■ REQUIRED WORK ■
Set down precisely the lines from the line with "Sunny Day Black" through the end of the material, inclusive, and no pictures.
################
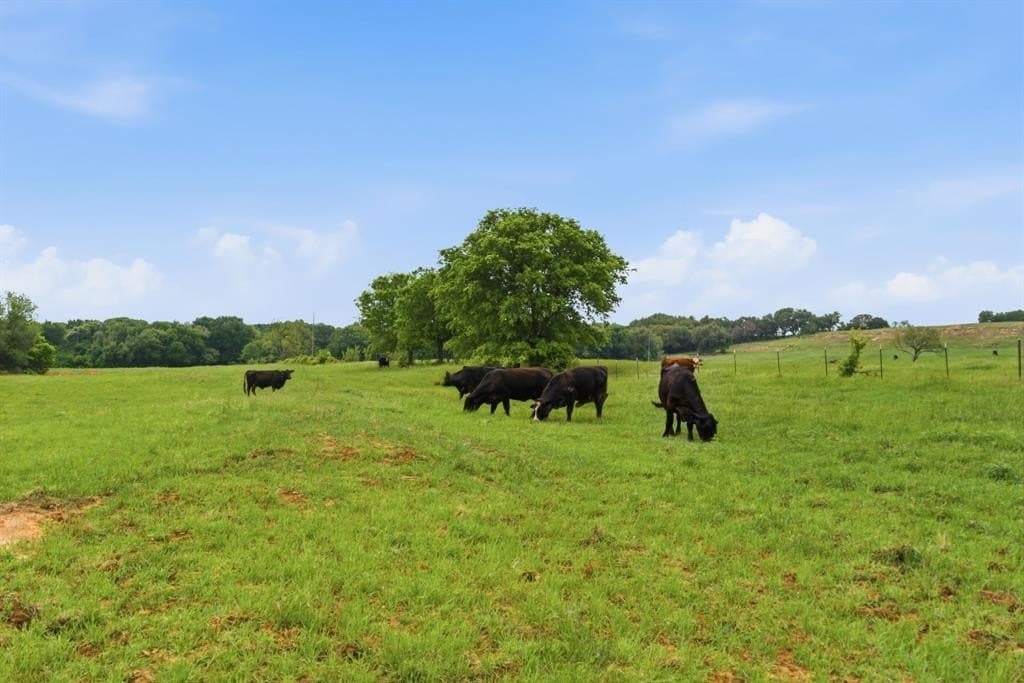 10.75 acres in Hood County gallery image 3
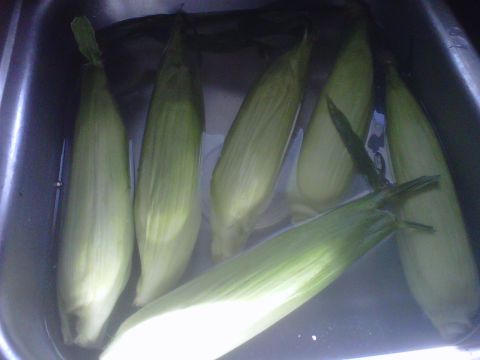 1986 Ford Bronco - Ears of corn are submerged in water, likely for preparation before cooking.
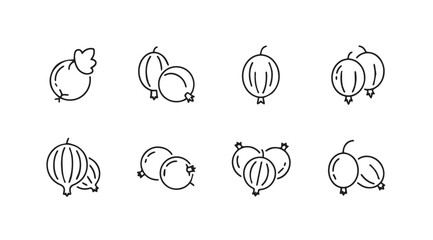 Collection of simple line art gooseberry icons hand drawn style for food and health designs vector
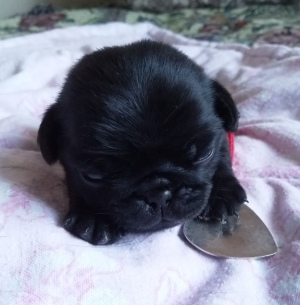 Photo №3. The home kennel offers to reserve pug puppies.. Russian Federation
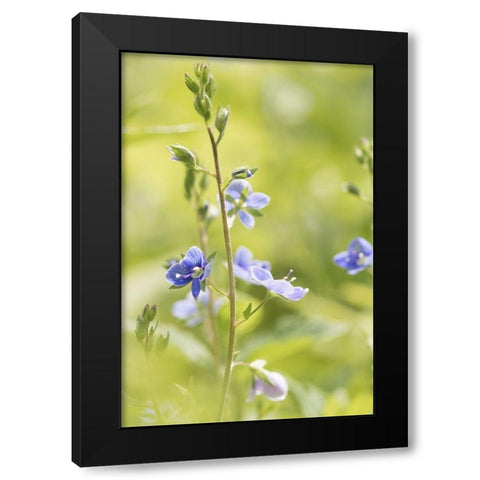 Sunny Day Black Modern Wood Framed Art Print with Double Matting by Stalus, Judy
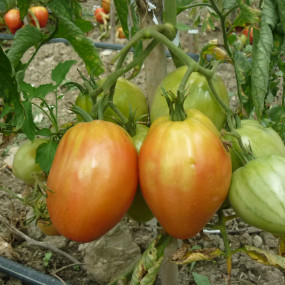 Pomodoro Cuore di Bue Liscio 10 g - Arcoiris sementi biologiche e biodinamiche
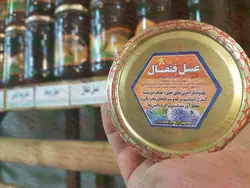 عسل قنقال یک کیلویی محمد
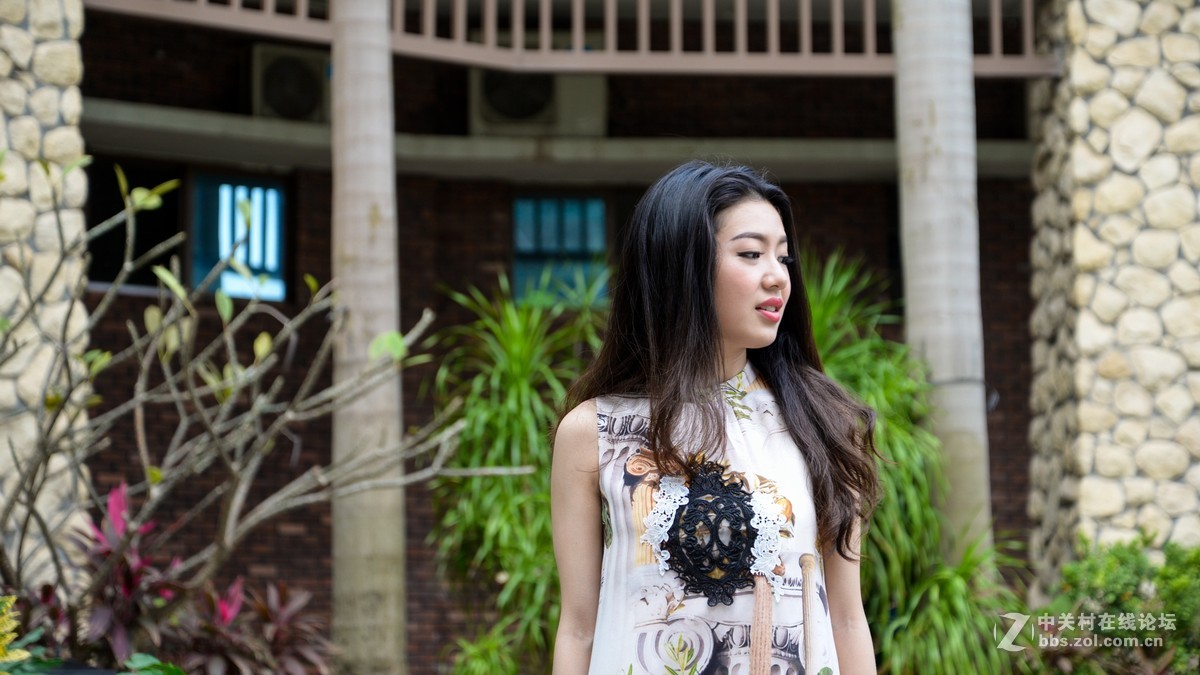 群摄中.............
################
■ TASK ANSWER ■
 Sunny Day Black Modern Wood Framed Art Print with Double Matting by Stalus, Judy
 Pomodoro Cuore di Bue Liscio 10 g - Arcoiris sementi biologiche e biodinamiche
 عسل قنقال یک کیلویی محمد
 群摄中.............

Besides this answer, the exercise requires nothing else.